* **Data for this task**:
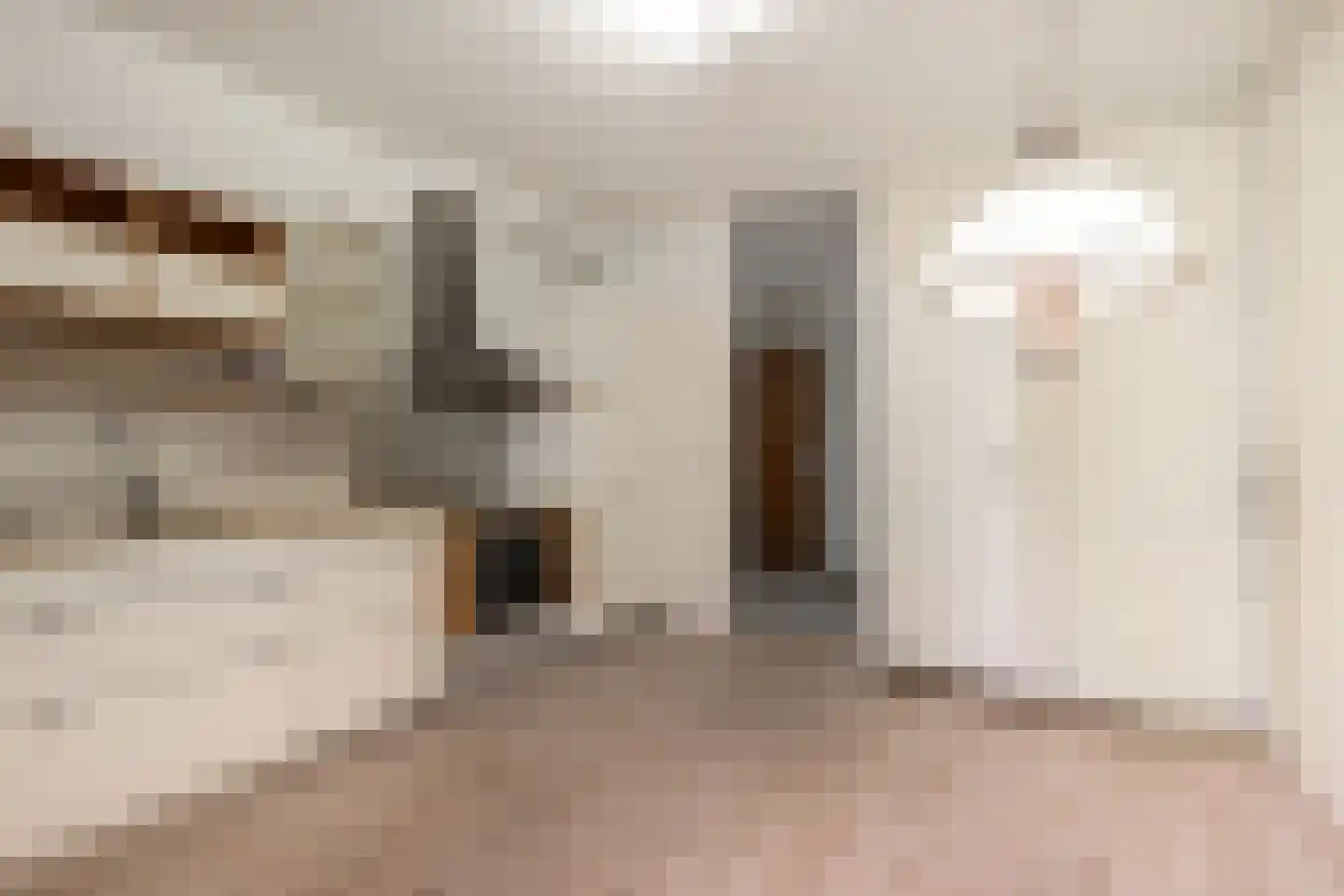 Melis Stokezijde 224 Den Haag thumbnail 21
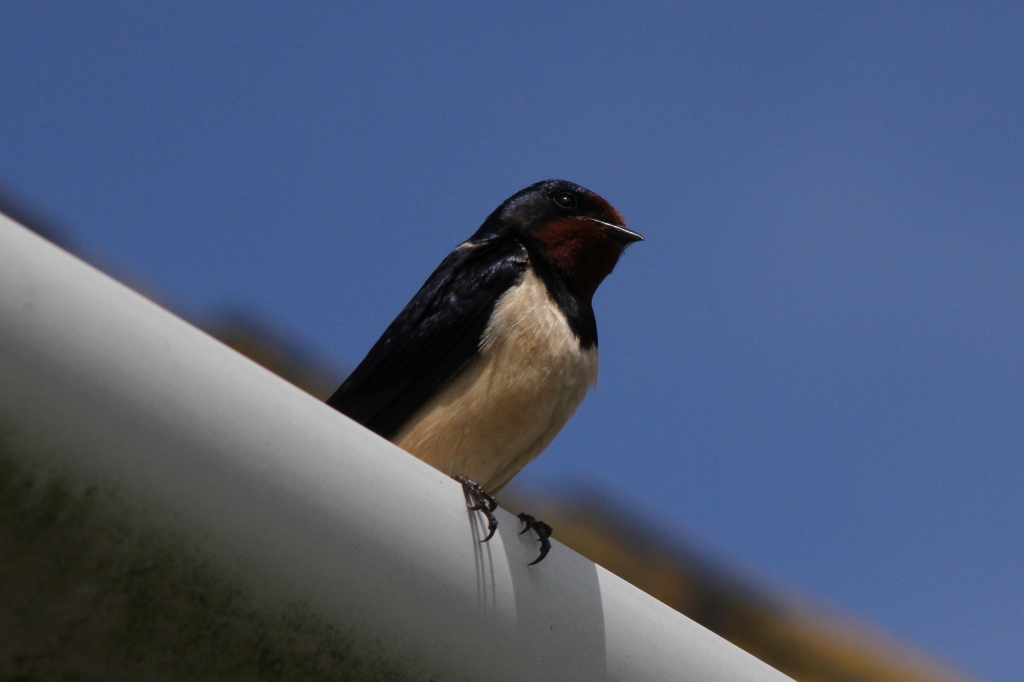 Swallow posing on a roof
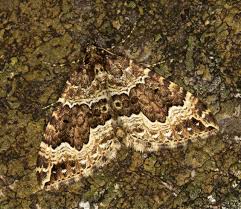 Attēlu rezultāti vaicājumam “Lampropteryx suffumata”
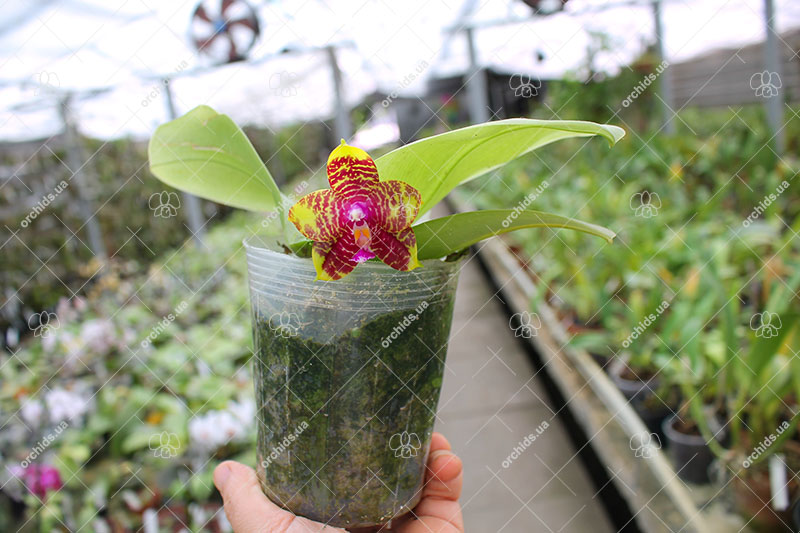 Phalaenopsis KS Happy Eagle x Zheng Min Tyrannosaurus.jpg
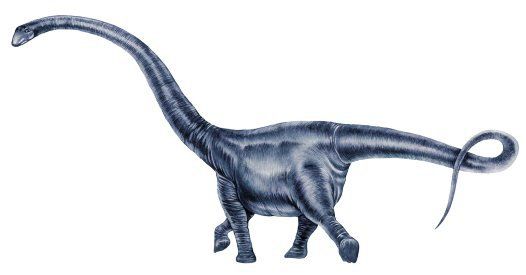 Mamenchisaurus.jpg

* **Goal of the exercise**:
Repeat verbatim the lines from the one with "Swallow posing on a roof" through the end of the listing above. Include both ends, add nothing, and exclude the pictures.

* **Answer space**:
 Swallow posing on a roof
 Attēlu rezultāti vaicājumam “Lampropteryx suffumata”
 Phalaenopsis KS Happy Eagle x Zheng Min Tyrannosaurus.jpg
 Mamenchisaurus.jpg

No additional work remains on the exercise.